Mozilla restructure aussi sur la reconnaissance vocale
Publié par Clément Bohic le - mis à jour à
Mozilla change de braquet sur la reconnaissance vocale. Entre le moteur DeepSpeech et l'initiative Common Voice, comment évolue la stratégie ?
Quel avenir pour les projets de Mozilla dans le domaine de la reconnaissance vocale ? La question s'était posée l'été dernier avec l'annonce de la restructuration des activités de la fondation. Elle a véritablement trouvé réponse hier. Aussi bien sur le moteur DeepSpeech que sur l'initiative Common Voice, destinée à constituer un jeu de données d'entraînement.
Qu'en est-il pour DeepSpeech ? Dans les grandes lignes, les équipes de Mozilla arrêteront, d'ici quelques mois, de contribuer au code. La fondation prendra alors un rôle d'accompagnateur pour le développement d'applications concrètes. Elle a ouvré dans ce sens ces dernières semaines, en réduisant les dépendances nécessaires à l'implémentation du modèle. Un guide doit par ailleurs paraître dans les prochaines semaines. S'y adjoindra un programme de subvention de projets.
Lorsque la nouvelle de la restructuration était tombée, DeepSpeech n'était plus très loin de la v1. On en est finalement resté à la 0.9.3, publiée voilà quatre mois. Elle repose sur un réseau de neurones probabiliste à cinq couches entraîné avec TensorFlow. En inférence, il peut fonctionner sur un Raspberry Pi 4.
Mozilla met ses pions sur Common Voice
Le projet avait pris son envol à la mi-2017, sur la base de travaux de recherche signés Baidu. Après avoir travaillé à partir de jeux de données libres tels que TED-LIUM et LibriSpeech, Mozilla avait enclenché la démarche Common Voice. Le principe : faire appel à la communauté - sur la base du volontariat - pour mettre davantage de matière à disposition de DeepSpeech.
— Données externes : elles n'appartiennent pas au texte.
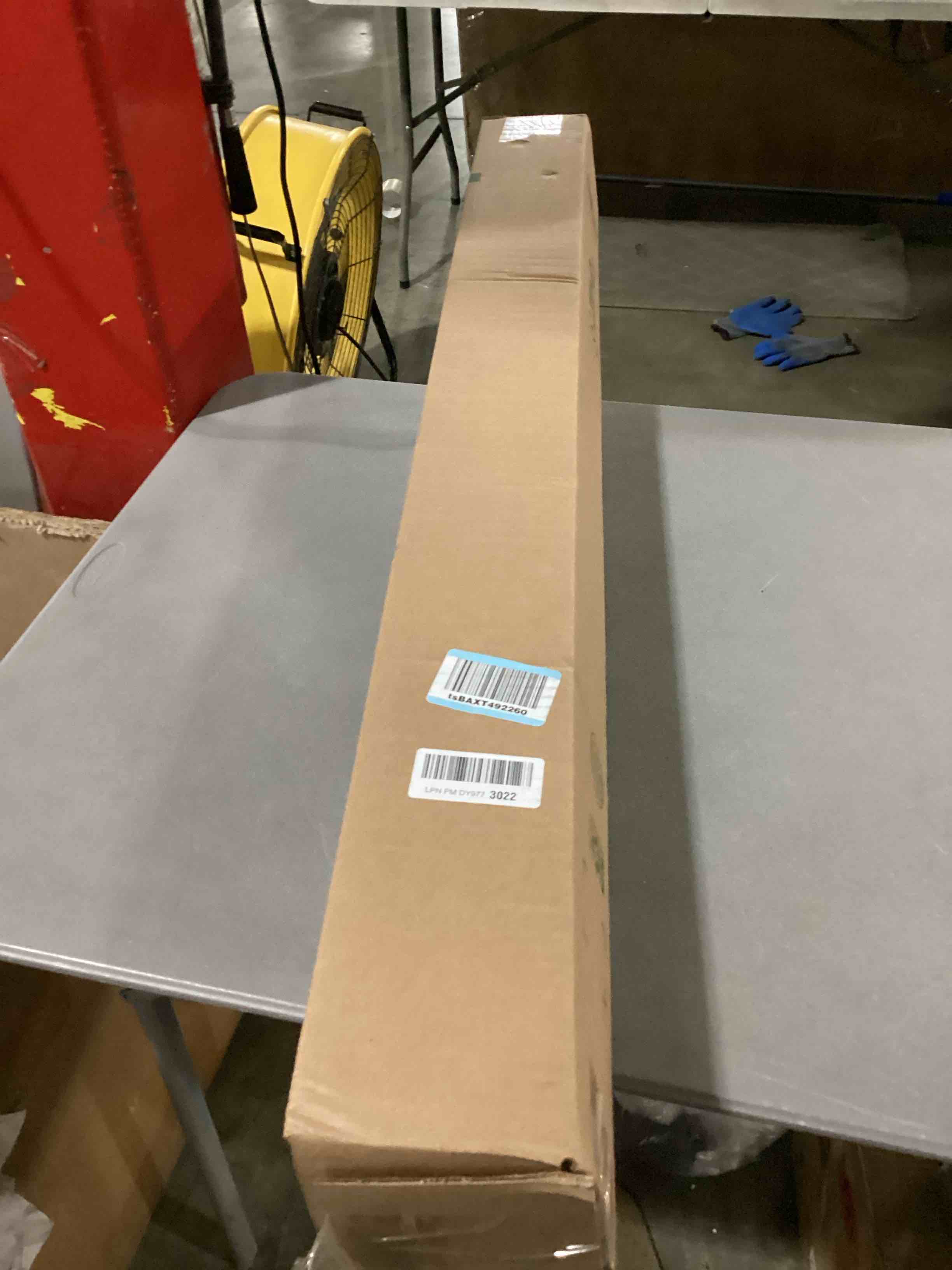 https://s3.amazonaws.com/lotting-images-prod/bidfta/BRN2749711_1749295080532.jpeg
En fin d'année, une première version publique du moteur avait vu le jour, assortie d'un corpus de 500 heures d'audio en anglais. À la mi-2018, le français, l'allemand et le gallois avaient rejoint la liste des langues dans lesquelles la communauté pouvait réaliser des enregistrements. Début 2019, on en comptait une vingtaine, dont le basque, le kabyle et l'espéranto.
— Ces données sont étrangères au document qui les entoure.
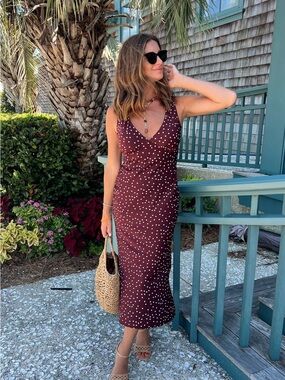 vestique Burgundy Polka Dot V‑Neck Midi Dress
Au dernier pointage, on a atteint les 60. L'anglais reste la plus représentée, avec environ 70 000 voix pour quelque 1800 heures d'audio validées. Suivent l'allemand (849 heures ; 13 500 voix), le français* (623 heures ; 12 900 voix) et l'espagnol (351 heures ; 20 100 voix).
Le défi de la diversité
Le corpus dans son ensemble comprend 7335 heures validées, pour 9283 enregistrées. Mozilla est donc proche de son objectif de 10 000 heures, considéré comme « la quantité de données nécessaire pour être en mesure de produire un système de reconnaissance vocale de qualité ».
La fondation se penche désormais sur un autre défi : la diversité. Beaucoup de langues disponibles sur Common Voice comptent encore moins d'une centaine de voix au répertoire. Le luganda (parlé en Ouganda) en fait partie. Même chose pour le iakoute (Sibérie) ou le bas-engadinois (Suisse). Levier probable de mise en action de ce plan : un investissement de 1,5 million de dollars en provenance de NVIDIA.
* Pour la France, le corpus associe, entre autres, des contributions individuelles, des extraits de débats de l'Assemblée nationale, des livres du projet Gutenberg et des extraits de pièces de théâtre sous licence le permettant.